Existing skill tools (npx skills, asm, vercel-labs/find-skills) wait for you to ask. They solve plumbing — install, list, sync — and rely on you to know what to look for. That's the wrong default, because:

  • You don't know what skills exist until you go searching.
  • Popularity-ranked recommendations surface the same generic picks for everyone.
  • You forget — six months later, you're re-evaluating a skill you already decided about.
  • Every skill you bolt on imports its author's voice. Stack five external skills and your project speaks in five accents.

Skills Curator inverts the model. It's context-aware — reads what you're building and tells you what's worth considering. Recommendations refresh only when your project actually changes. And when you adopt a skill, --customize decomposes it first so it arrives in your project's voice, not the author's.

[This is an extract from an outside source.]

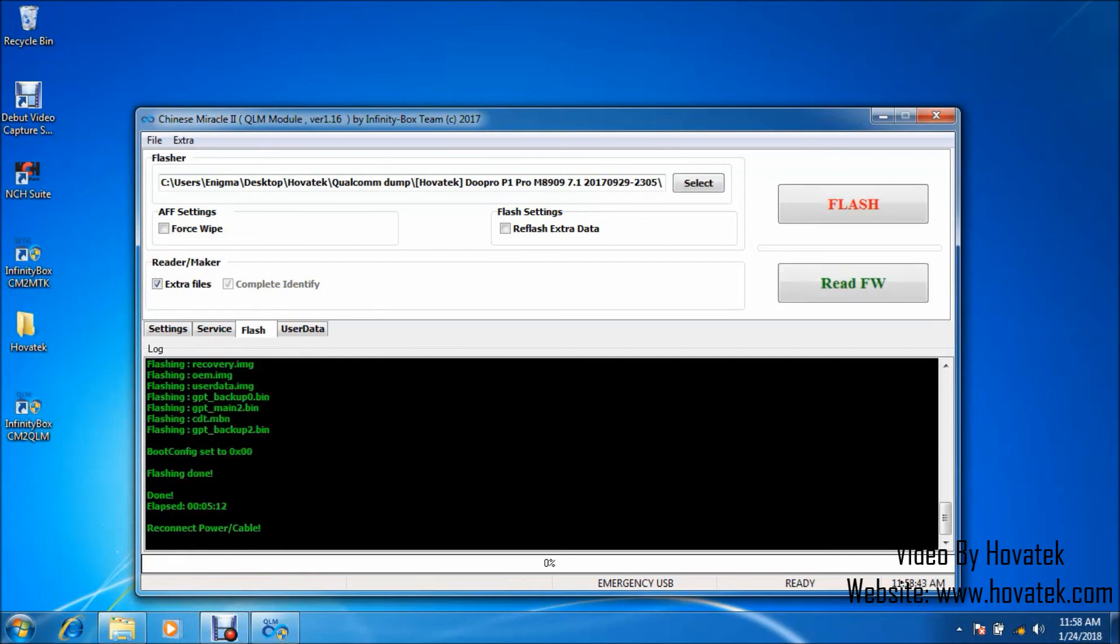Alright, so flashing is done and I have a done message. So, that's basically how to flash a Qualcomm Android phone using Chinese Miracle 2 QLM module.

The mental model shift: stop treating external skills as monolithic plugins to invoke. Treat them as capability libraries to absorb selectively. Your project keeps one author. Yourself.


Features at a glance

Other skill managers Skills Curator
Install / list skills
Context-aware — recommendations match your stack, refresh on project change --auto
Listens for symptoms"slow tests" → recommends test-perf skills --symptoms (17 patterns)
Trust-rated catalog — curated + live GitHub topic search ⚠️ varies ✅ 19 curated + live
Pre-install evaluation with pros / cons / conflicts / verdict ✅ Persisted forever
Skill decomposition + project-voice rewrite — adopt capability without inheriting voice --customize
Pre-install security scan — 15 risk patterns ⚠️ post-install only ✅ Pre-install, automatic
Stack audit — duplicates, conflicts, unreviewed skills, health scores ✅ One pass
Cross-agent migration with verified paths ⚠️ partial 55 platforms
Cross-device sync via private GitHub Gist
Bounded token cost — engine reads project in subprocess, not Claude's context ✅ (report)
Honest about install counts (no fake popularity scraping)

The intelligence layer

Half of what makes Skills Curator distinctive is context-aware judgment — the engine reads your project and surfaces what's relevant so you don't have to search. The other half (--customize) ensures what you adopt arrives in your voice. Both are required for the pitch to hold.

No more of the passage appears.